El espíritu del movimiento se resumió en el Plan de Ayala firmado en 1911, que desconocía el gobierno de Francisco I. Madero.

Ejército.

Getty Images
El ejército de campesinos de Pancho Villa y Emiliano Zapata, fotografiado alrededor del año 1910.

Los zapatistas afirmaron que el presidente, el principal impulsor de la Revolución, había abandonado su promesa de convocar a una reforma agraria para recuperar sus tierras.

Pero el documento, dicen especialistas como Felipe Ávila, funcionó también como un proyecto de nación.

Con el Plan de Ayala se restableció en los territorios controlados por el zapatismo –estados como Morelos, Guerrero y la zona sur de Ciudad de México, por ejemplo- un modelo de gobierno basado en la autoridad de los pueblos.

Las comunidades que recuperaron sus tierras se convirtieron en un fuerte respaldo durante el período en que el Ejército Libertador del Sur se enfrentó con el gobierno.

La guerra terminó el 10 de abril de 1919 cuando “El Caudillo del Sur” fue asesinado en Chinameca.

Zapata se iba a entrevistar con el general Jesús Guajardo, quién le prometió unirse a la batalla que entonces mantenía contra el gobierno de Venustiano Carranza.

Pero al llegar a la hacienda fue acribillado. La emboscada se considera desde entonces un símbolo de traición que avivó la leyenda sobre el revolucionario.

“Zapata vive”

La lucha de Zapata se convirtió en un símbolo de resistencia en el país.

Por ejemplo, algunos de los movimientos más importantes desde los años 60 del siglo pasado adoptaron al “Caudillo del Sur” como emblema.

En 1994 apareció el Ejército Zapatista de Liberación Nacional (EZLN).

Además, en la última década el ejemplo del revolucionario inspiró la lucha de pueblos y comunidades indígenas contra proyectos extractivos, sobre todo de empresas internacionales.

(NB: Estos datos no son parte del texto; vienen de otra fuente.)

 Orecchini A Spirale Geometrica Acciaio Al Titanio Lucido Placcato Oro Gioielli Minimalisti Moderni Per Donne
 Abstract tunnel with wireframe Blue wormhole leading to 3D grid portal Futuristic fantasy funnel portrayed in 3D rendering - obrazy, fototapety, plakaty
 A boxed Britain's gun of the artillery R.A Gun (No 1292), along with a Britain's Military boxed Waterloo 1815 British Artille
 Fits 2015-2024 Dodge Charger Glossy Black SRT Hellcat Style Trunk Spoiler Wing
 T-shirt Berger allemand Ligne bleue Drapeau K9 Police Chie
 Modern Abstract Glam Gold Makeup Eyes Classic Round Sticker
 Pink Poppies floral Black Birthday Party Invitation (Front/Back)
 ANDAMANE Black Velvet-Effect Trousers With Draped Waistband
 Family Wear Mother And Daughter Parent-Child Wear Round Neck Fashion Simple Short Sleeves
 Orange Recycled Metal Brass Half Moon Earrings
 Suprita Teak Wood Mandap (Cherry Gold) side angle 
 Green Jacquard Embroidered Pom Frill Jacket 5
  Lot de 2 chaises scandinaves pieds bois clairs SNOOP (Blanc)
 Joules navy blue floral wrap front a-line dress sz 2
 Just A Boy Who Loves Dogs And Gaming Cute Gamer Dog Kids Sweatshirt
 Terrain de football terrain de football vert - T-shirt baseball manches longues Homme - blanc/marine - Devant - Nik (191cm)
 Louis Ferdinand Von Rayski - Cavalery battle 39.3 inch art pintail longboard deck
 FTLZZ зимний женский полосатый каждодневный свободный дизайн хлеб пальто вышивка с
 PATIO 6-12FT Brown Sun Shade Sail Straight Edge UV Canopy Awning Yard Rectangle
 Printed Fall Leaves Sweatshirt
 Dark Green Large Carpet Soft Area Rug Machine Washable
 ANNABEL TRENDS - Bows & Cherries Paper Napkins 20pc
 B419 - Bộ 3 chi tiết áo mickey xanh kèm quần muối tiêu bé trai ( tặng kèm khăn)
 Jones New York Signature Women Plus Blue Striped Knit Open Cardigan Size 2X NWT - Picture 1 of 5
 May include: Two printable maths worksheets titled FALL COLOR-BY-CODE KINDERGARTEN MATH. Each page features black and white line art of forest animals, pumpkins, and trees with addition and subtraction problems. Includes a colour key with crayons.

Pero también Emiliano Zapata se convirtió en un ícono de la cultura popular.

Sobre el revolucionario y su lucha se han escrito cientos de ensayos e investigaciones académicas, y también existen decenas de películas sobre su vida.

La imagen del “Caudillo del Sur” es una de las más utilizadas por creadores en todos los campos.

Algunos lo consideran como un símbolo de la masculinidad, pero al mismo tiempo es protagonista frecuente en las manifestaciones de la comunidad LGBTI.

En todos los casos, en protestas de campesinos o activistas, en obras de teatro o en conciertos musicales, la consigna más frecuente que se escucha en México es: “Zapata vive, la lucha sigue”.